Posted Sep 14 2008 10:15am

peanut butter.jpg

The new school year is officially in swing, and one question may be plaguing some parents: how do you keep your child with severe food allergies safe at school? The greatest danger with food allergies is ingestion, but for some children any physical contact or inhalation can pose hazards.

Where to begin?*

A " 504 plan" may help you. Named after section 504 of the Rehabilitation Act (providing all students, regardless of disability, with a "free, appropriate public education"), a 504 plan is a plan created by parents, school administrators, and school nurses to address the specific needs of your child. This should give your child more specific, concrete protection than a less formal verbal or written agreement.

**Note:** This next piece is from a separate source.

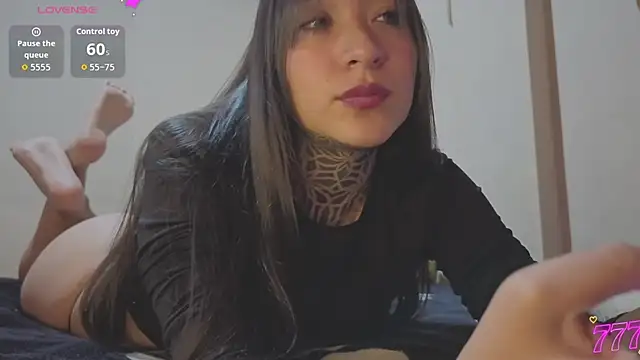 Snapshot of isasaenz_ chatting on 14, 7, 2026 isasaenz online show from 14, 7, 2026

Food allergy expert Maria Acebal, founder of Safe@School Partners, recently addressed this issue on the Kids Food Allergies Blog:

At a minimum, I believe it is reasonable to expect that all adults who supervise your food-allergic child in school receive annual training on food allergy safety; that access to epinephrine at all times is secure and swift; and that reasonable steps to reduce the risk of allergen exposure are consistently applied.

A 504 plan may also include a "peanut-free" table in the lunchroom or hiring extra lunchroom aides.

For more information see these articles:

Maria Acebal's three-part interview begins here.

Section 504 Primer and Child Food Allergies

*Besides, of course, wearing WELLCharms™ or WELLTags™!

Image via Healthmaniac.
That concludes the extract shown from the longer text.